What you are asked to do:
Whenever a picture appears in the data, skip it and write out all other material exactly.

Exercise data:
______

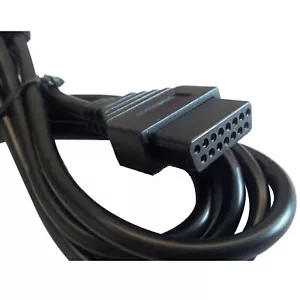 For SNK FC Neo Geo AES/CD Controller 1.8m Controller Extension Cable Wire Cord - Picture 1 of 5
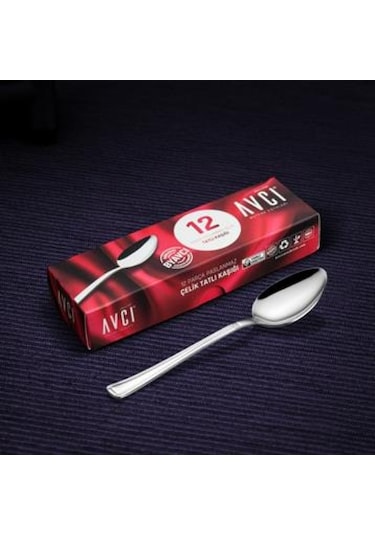 Avcı Avc 115 Narin Tatlı Kaşık 12'li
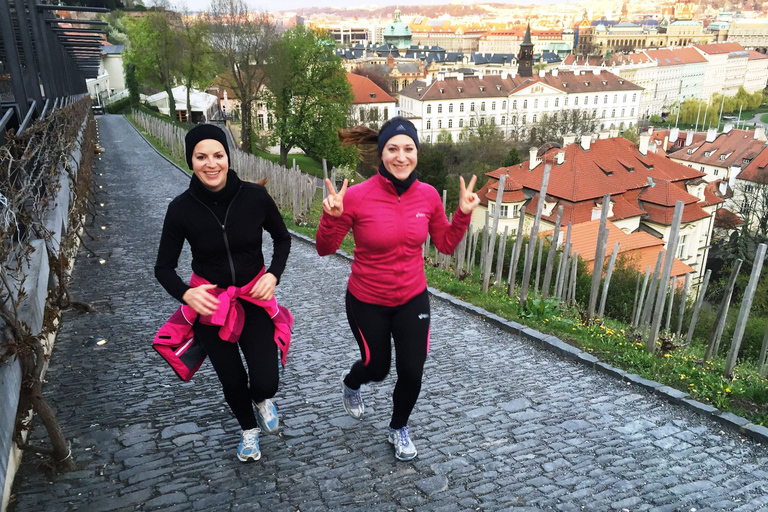 Prague : visite-jogging dans le centre-ville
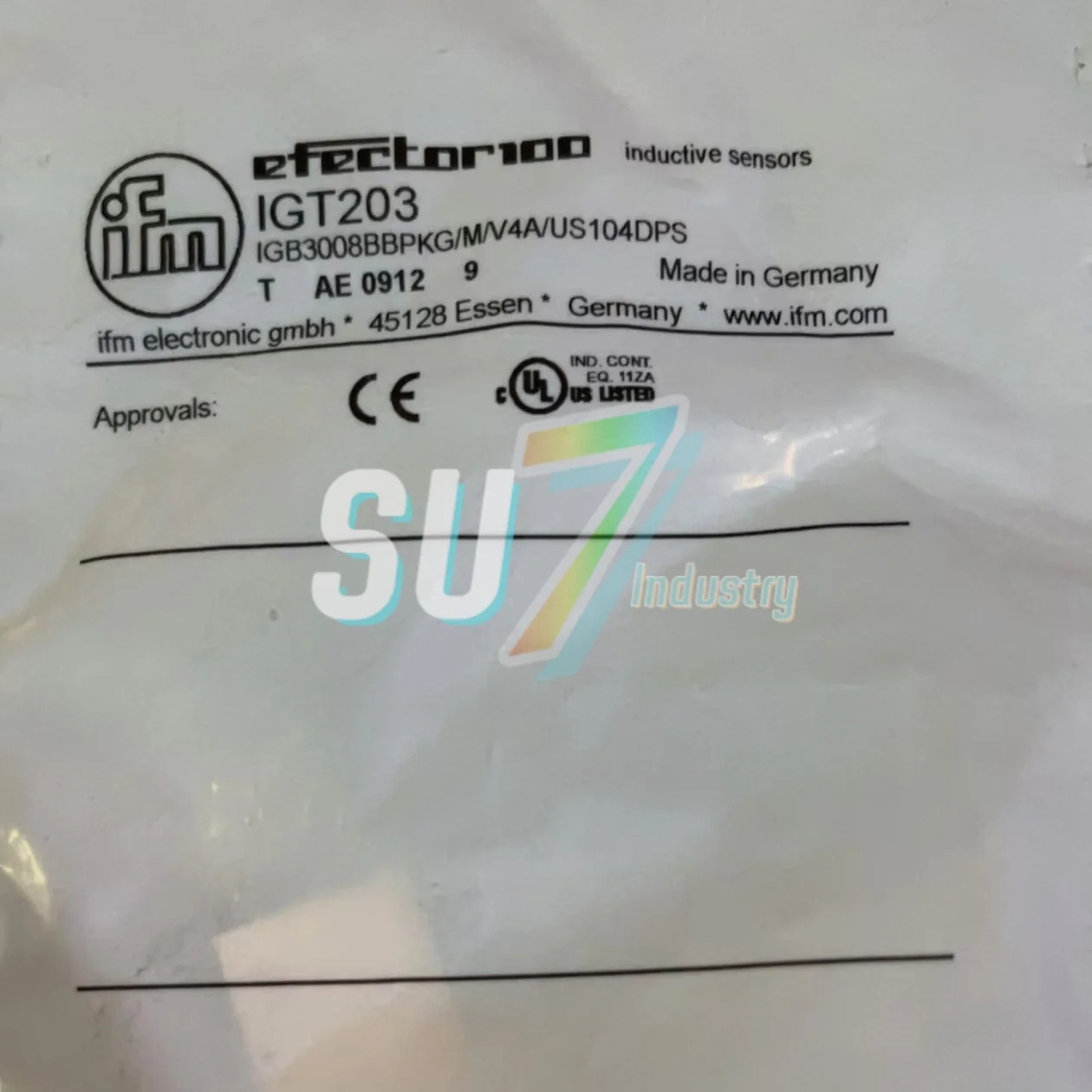 I203 EVT002 오리지널 센서 스위치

______

Expected output:
 For SNK FC Neo Geo AES/CD Controller 1.8m Controller Extension Cable Wire Cord - Picture 1 of 5
 Avcı Avc 115 Narin Tatlı Kaşık 12'li
 Prague : visite-jogging dans le centre-ville
 I203 EVT002 오리지널 센서 스위치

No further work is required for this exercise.